In politics the topic of class actions is discussed constantly. The European Commission published a recommendation for collective redress in proceedings for injunctive relief and damages (COM 2013/396/EU). The Federal Ministry of Justice and Consumer Protection recently received a draft bill for introducing class action suits.
Collective suits could relieve pressure from the courts, which are otherwise at risk of being engulfed in a flood of lawsuits. The individual litigation risk for the plaintiff is significantly lower as in the case of individual lawsuits. Also, the effect of rational disinterest is reduced. A high risk of costs within quite low amounts of awarded damages are often the reason, why consumer do not claim damages in individual lawsuits. The economic wins by the companies because of their violations then stay with the company. The effect, that companies behaving illegally could even gain money, needs to be avoided in the future. This gap in enforcement can be reduced by collective redress, as the persons affected can exercise their rights easier and with a lower cost risk and are therefore encouraged to join a class action, even if it the amount of damages is rather low.
The experts also talked about the legal situation in other nations. Especially in the USA class actions suits constitute an effective and quite fast way of compensating damages. However, it was pointed out, that the legal situation in the USA is at risk of being abused, because the pressure on companies to settle is quite high, as they otherwise risk having to pay large sums of damages. Also, it is expensive to conduct a case, as every party has to bear their own costs.
Over regulatory law needs to be avoided in Europe. No lawsuit-industry should be created, that confront companies with partly exaggerated demands and drive them into insolvency.
The threatening scenery of the American situation in Europe, which is oftentimes the main argument of people opposed to collective redress, is simply over-exaggerated. The legal framework in Europe, especially in Germany, is very different to that of the United States. In particular, the (often excessive) punitive damages are not possible in the German legal system.
In previous years, collective redress was already introduced in different variations in other European member states, such as is France, Italy, the Netherlands and Great Britain. Germany is still lagging far behind in this matter.
The main aspect of this discussion was primarily the tension between effective consumer protection and the interests of corporations, to not be engulfed in a flood of lawsuits. The experts developed various solutions and tried to find a compromise. The interests of the consumers and the corporations need to be balanced in the creation of new lawsuit possibilities. The advantages and disadvantages of the different lawsuit possibilities were discussed; here, group claims, representative actions, opt-in and opt-out models were named. On a national, as well as on a European level, a solution for collective redress needs to be developed in order to be able to withstand the competition of the legal systems.
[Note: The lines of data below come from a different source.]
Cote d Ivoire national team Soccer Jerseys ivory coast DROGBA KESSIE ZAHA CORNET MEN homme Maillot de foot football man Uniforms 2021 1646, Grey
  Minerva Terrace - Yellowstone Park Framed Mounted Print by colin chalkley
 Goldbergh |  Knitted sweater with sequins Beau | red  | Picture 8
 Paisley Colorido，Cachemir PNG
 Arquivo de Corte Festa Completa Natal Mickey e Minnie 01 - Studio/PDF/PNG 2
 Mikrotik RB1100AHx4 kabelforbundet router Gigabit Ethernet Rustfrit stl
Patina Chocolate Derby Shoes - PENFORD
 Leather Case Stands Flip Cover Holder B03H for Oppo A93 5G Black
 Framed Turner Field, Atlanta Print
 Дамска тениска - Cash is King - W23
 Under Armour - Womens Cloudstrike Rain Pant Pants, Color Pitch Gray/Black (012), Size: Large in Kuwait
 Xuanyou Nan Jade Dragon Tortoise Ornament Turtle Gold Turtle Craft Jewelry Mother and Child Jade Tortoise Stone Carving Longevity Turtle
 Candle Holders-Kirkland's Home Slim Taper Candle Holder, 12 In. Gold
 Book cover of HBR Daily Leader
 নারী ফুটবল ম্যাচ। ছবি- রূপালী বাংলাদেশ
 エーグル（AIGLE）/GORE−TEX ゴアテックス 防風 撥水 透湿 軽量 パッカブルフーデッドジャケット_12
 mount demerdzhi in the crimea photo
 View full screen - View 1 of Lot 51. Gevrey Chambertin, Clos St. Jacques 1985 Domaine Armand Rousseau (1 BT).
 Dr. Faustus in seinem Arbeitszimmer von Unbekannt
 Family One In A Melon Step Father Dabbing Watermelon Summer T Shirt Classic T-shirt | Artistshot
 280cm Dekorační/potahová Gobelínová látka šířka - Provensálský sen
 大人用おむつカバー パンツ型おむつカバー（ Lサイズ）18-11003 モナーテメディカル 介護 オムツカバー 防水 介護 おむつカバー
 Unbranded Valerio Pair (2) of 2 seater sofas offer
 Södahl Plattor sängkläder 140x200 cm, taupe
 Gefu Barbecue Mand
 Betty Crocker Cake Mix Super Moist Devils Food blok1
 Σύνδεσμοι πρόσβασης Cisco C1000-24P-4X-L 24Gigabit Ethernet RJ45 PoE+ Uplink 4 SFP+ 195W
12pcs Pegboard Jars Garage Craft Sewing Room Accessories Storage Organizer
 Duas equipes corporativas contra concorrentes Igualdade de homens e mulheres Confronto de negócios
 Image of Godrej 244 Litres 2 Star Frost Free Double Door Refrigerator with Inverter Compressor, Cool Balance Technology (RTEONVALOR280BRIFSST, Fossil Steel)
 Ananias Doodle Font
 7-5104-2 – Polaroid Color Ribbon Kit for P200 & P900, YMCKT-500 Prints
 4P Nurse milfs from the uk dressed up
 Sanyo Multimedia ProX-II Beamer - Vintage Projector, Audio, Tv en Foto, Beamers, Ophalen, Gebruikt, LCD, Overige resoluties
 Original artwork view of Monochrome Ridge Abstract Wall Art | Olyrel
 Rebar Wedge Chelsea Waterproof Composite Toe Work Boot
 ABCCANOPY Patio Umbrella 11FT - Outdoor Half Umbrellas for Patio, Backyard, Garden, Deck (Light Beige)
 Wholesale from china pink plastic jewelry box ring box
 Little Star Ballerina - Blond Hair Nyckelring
In creating new forms of collective redress, care must be taken to reduce the deficits of other types of procedures. The duration of proceeding in collective redress needs to be shortened.
Möllers then summarised the ideas: The goal of class actions cannot be to injure companies. Nevertheless, it needs to be possible to skim off the profits earned by companies acting illegally, even going beyond regular amounts of damages. But still, the boundary of exorbitant punitive damages, as they are known from the American judicatures, cannot be acquired. All participants agreed on this point.